O embaixador dos Estados Unidos no Brasil, Thomas Shannon, informou nesta segunda-feira, 15/07, que não recebeu autorização do governo norte-americano para para prestar esclarecimentos ao Senado sobre as denúncias de espionagem de agências norte-americanas a cidadãos e autoridades brasileiras. A justificativa para a recusa ao convite, encaminhado na semana passada, foi dada ao presidente da Comissão de Relações Exteriores do Senado, Ricardo Ferraço (PMDB-ES), em uma reunião, na Embaixada dos Estados Unidos, em Brasília.

“Ele viu com simpatia o convite porque é uma oportunidade, mas, no momento, ele não pode atender”, disse Ferraço. Apesar da resposta negativa, o senador não descartou a audiência pública com o embaixador. “Acho que ele vem sim porque é uma oportunidade de dialogar visando aos esclarecimentos que a sociedade brasileira deseja em razão dos fatos que foram denunciados e que são da maior gravidade”, completou.

A assessoria da representação diplomática em Brasília confirmou que, até a próxima semana, um grupo de técnicos virá ao Brasil para explicar detalhes do programa americano ao governo brasileiro. O embaixador reforçou que as agências americanas intensificaram as investigações desde o atentado ocorrido em 11 de setembro de 2001, mas que não existe violação de conteúdo de conversas. Segundo ele, as investigações limitam-se à identificação de hora, dia e pessoas envolvidas nas comunicações por telefone ou meios eletrônicos.

Nesta terça-feira, 16/07, os senadores da CRE vão ouvir o jornalista Glenn Greenwald, do jornal britânico The Guardian, que divulgou as informações repassadas pelo ex-técnico de uma empresa que prestava serviços para a agência de segurança americana (NSA) Edward Snowden sobre programas secretos americanos de interceptação de dados. “Vamos fazer muitas perguntas que possam nos mover das evidências para as constatações. Temos muitas perguntas com respostas ainda não suficientes”, disse Ferraço.

O presidente da comissão disse que pretende ouvir Snowden. Segundo ele, se o americano conseguir asilo na Venezuela, um grupo de senadores poderá ir até o país vizinho para levantar mais detalhes sobre as interceptações feitas pelo governo americano sobre o Brasil. “Queremos saber se há algum indício de que informações estratégicas relacionadas à concorrência do projeto FX2, de reaparelhamento dos caças brasileiros, vazou e se houve quebra de informação relacionadas ao pré-sal”, explicou.

À espera de uma resposta

O ministro das Relações Exteriores, Antonio Patriota, por sua vez, reiterou que ainda aguarda as informações oficiais do governo dos Estados Unidos sobre as denúncias de espionagem de cidadãos brasileiros, por agências norte-americanas.

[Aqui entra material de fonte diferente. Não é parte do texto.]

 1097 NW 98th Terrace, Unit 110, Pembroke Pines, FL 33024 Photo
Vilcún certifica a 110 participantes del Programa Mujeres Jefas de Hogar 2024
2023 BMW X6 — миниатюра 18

O chanceler disse ainda que considera “insuficientes” os esclarecimentos fornecidos até o momento. Na semana passada, o governo brasileiro pediu explicações ao Departamento de Estado norte-americano e à Embaixada dos Estados Unidos em Brasília.

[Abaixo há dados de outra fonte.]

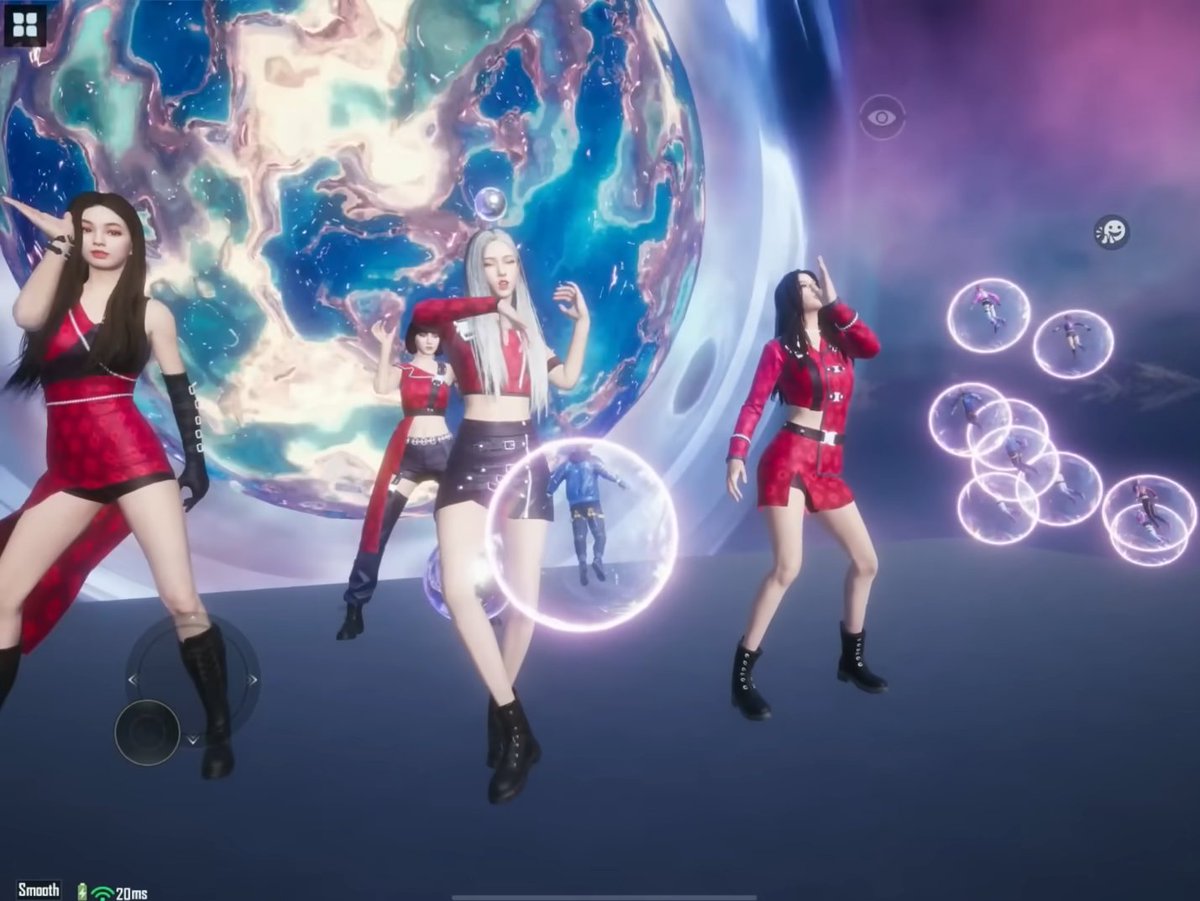 HYPEX's tweet photo. Fortnite's Ariana Grande event lost the "Best Metaverse Performance" award at the VMA's to PUBG's Blackpink event which was a cheap clone of Fortnite's event 😭 https://t.co/KW4PVzuvLN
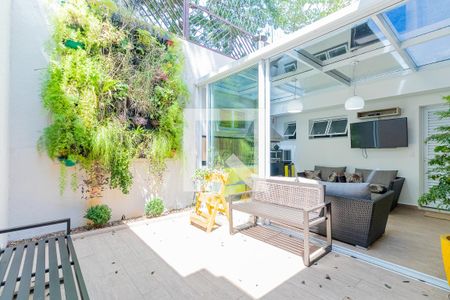 Casa de condomínio à venda com 316m², 4 quartos e 3 vagasVaranda Gourmet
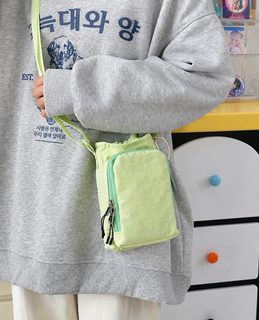 스포츠 아웃도어 드로스트링 물병 가방 크로스백 휴대폰 수납 나일론 숄더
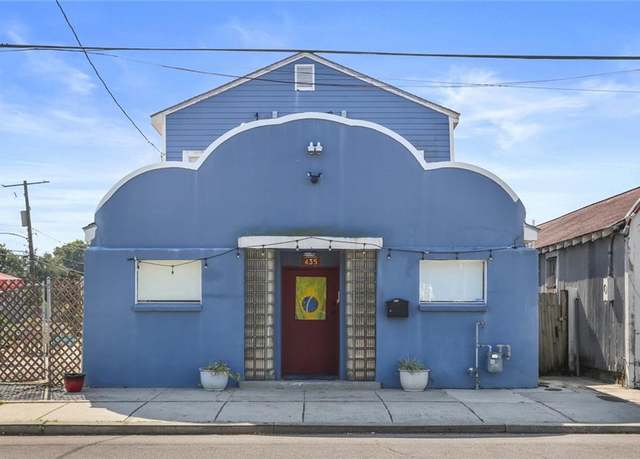 Property at 435 Newton St, New Orleans, LA 70114, 2 beds, 3 baths
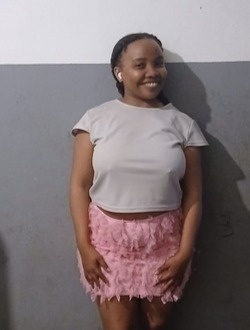 Profil de Jess, une femme célibataire de 31 ans à Akinganio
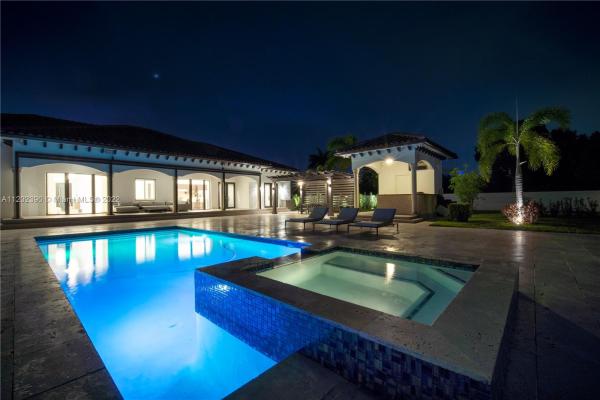 Sweetwater Estates, 331 SW 124th Ave, Tamiami, Florida 33184, image 1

“Alguns esclarecimentos foram fornecidos, nós consideramos insuficientes”, disse Patriota, após reunião com o ministro das Relações Exteriores da Nigéria, Olugbenga Ayodeji Ashiru. “Não há nenhum desenvolvimento adicional em relação aos esclarecimentos que eu forneci à Comissão de Relações Exteriores do Senado e da Câmara, quarta-feira passada.”

Patriota ressaltou que os técnicos dos ministérios da Justiça, da Defesa, da Ciência, Tecnologia e Inovação, do Itamaraty, e do Gabinete de Segurança Internacional trabalham na elaboração de perguntas para a solicitação de mais esclarecimentos. “Ainda não decidimos sobre a missão técnica. Ainda está em consideração como será a próxima etapa [de trabalhos]”, acrescentou.